An operation on my hand after a karate injury has me reading more than usual, and even attempting Don DeLillo’s Underworld, but I soon give it up. Truman Capote famously said that On The Road was typing, not writing, but old Jack Kerouac was Jane Austen compared to some of the novelists of today. Making it sound easy is the hardest thing in writing, and I grant you that today’s modernists sure make it look easier than easy. But they’re also sloppy, self-indulgent and at times incomprehensible. What I don’t get is how one can enjoy a novel when the plot is not clear. When the reader doesn’t know what’s real and what’s imagined it’s time to regress and look up Papa and Scott and Graham and Jane. (Austen’s preoccupation with real estate, income, and class still resonates in today’s world. The sainted editor of the Spectator had to write a letter so I could get into a building in the Bagel, and by evoking all three of Jane’s preoccupations, I got in.) Avoiding dullness is what great writers do, and amusing sinners are always better than pious dullards. Brio is what keeps a novel going, at least for little old me, and long windedness has me reaching for the remote and a soap opera.

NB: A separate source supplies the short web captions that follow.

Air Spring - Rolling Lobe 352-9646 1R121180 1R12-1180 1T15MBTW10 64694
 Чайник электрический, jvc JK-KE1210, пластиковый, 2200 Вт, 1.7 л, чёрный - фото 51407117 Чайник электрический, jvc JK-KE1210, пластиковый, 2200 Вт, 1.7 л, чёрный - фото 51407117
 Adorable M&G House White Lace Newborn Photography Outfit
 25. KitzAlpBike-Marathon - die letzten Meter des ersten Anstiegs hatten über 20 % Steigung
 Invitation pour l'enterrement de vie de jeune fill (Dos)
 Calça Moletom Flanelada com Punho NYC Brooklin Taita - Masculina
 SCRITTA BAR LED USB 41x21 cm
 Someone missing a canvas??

Speaking of writers, Saul Bellow has been in the news lately because of a massive biography by Zachary Leader, brilliantly reviewed in the Spectator and by every newspaper and magazine over in these shores. I am not a Bellow fan, too much information, as they say nowadays. The astute Norman Mailer described Bellow as “a hostess to intellectual canapés.” I know exactly what he meant by it. It was an accurate assessment of Saul, as well as a kick in the balls. Bellow was a very Jewish writer, but unlike Philip Roth, of whom I’m a fan, he is more of a revenge novelist, he’s out to settle scores. His close buddy was Jack Ludwig, a fellow professor at Bard, a hothouse of radicalism, and obviously a gentleman of the old school! Ludwig was once asked if he knew Bellow, and he answered, “Know him, I’m fucking his wife!” He was doing just that, and Saul gave it to him in his fiction. Mind you, Hemingway did the same to some of the characters he knew in Paris during the Twenties, Loeb was Cohn and Lady Duff was Lady Brett and so on, but Papa’s characters were more of an inspiration than copies of the real thing. Fitzgerald was famously obsessed with the mysteries of great wealth, but back then wealth was something new among Americans. Poor old Scott wrote more about the ruinous effects of wealth, which is a very large theme even today.
I recently read a couple of articles on Fitzgerald, one claiming that he wrote Gatsby in Great Neck, Long Island, where the action takes place, the other that he wrote the greatest of American novels in Antibes. I believe both writers are correct. He started the novel in Long Island and finished it in Antibes. Detective Taki solves the riddle in one short declarative sentence. Scott and Zelda’s two granddaughters, their mother being Scottie, the couple’s only issue, are very much with us and recently visited Juan-les-Pins and the hotel that was once the home of their grandparents. The cruel irony is that Scott died broke and forgotten, and his granddaughters are very rich because of his immortal work.
Although The Great Gatsby is considered Scott’s greatest work, the greatest literary critic of our time, Taki, thinks otherwise. He gives the nod to Tender Is The Night. When Fitzgerald showed Papa the manuscript of Gatsby, Hemingway did not brood, he went into action. He came up with The Sun Also Rises, not a bad response. It was almost America versus Europe. Great stuff. Which brings me to Hollywood. The best that degenerate place has managed in filming either writer’s works was – in my not so humble opinion – The Short Happy Life of Francis Macomber, Papa’s short story about grace under pressure. It’s an African safari story at a time when guns did not shoot animals from the safety of Range Rovers. Every other movie of the two great American writers has been a disaster, although the 1957 version of The Sun gave it the old college try. Tyrone Power as Jake Barnes, a man who had lost his manhood in the war, was perfect casting, as was Ava Gardner as Lady Brett, but Zanuck’s casting of the greasy New Yorker Bob Evans as the bullfighter had the audience laughing rather than crying when he got gored. The Snows of Kilimanjaro, with Gregory Peck as the writer dying of gangrene in Africa was also a good attempt, as was The Last Time I Saw Paris, the title given to Babylon Revisited, Scott’s greatest short story.